» Exercise: Start at the line below containing "早晨的森林，树木，雾，水，秋天的壁纸" and stop at the line containing "しゅくだいぱんつ「ななこ」". Repeat every line of that stretch exactly, and nothing outside it.

» Provided data:
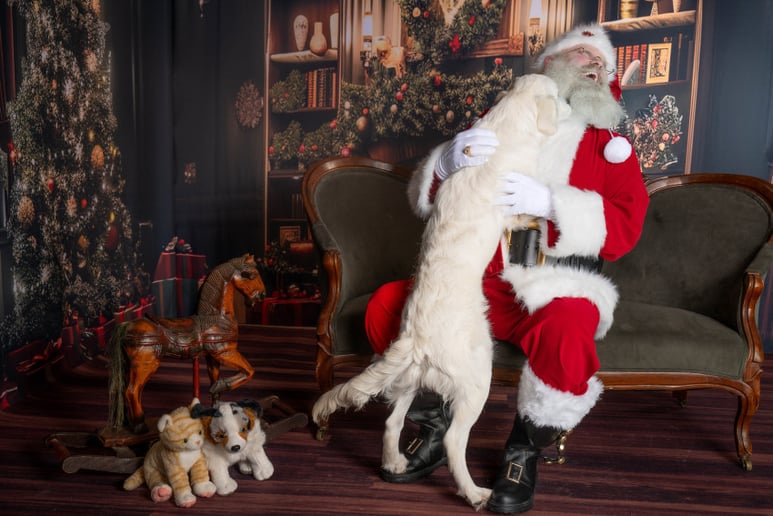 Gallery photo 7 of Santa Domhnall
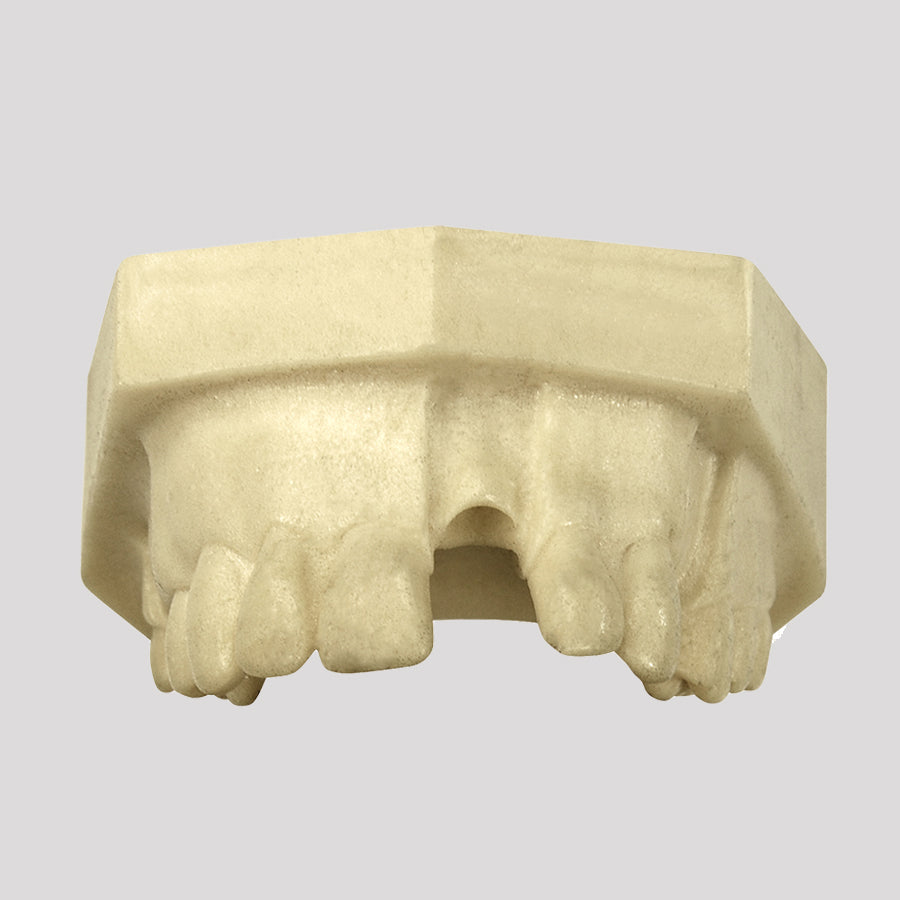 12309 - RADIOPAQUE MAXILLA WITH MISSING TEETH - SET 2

* * *

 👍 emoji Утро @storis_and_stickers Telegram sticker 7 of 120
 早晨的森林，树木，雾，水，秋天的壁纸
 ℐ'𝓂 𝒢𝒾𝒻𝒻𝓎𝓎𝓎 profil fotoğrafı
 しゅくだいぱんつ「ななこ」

» Answer below:
 早晨的森林，树木，雾，水，秋天的壁纸
 ℐ'𝓂 𝒢𝒾𝒻𝒻𝓎𝓎𝓎 profil fotoğrafı
 しゅくだいぱんつ「ななこ」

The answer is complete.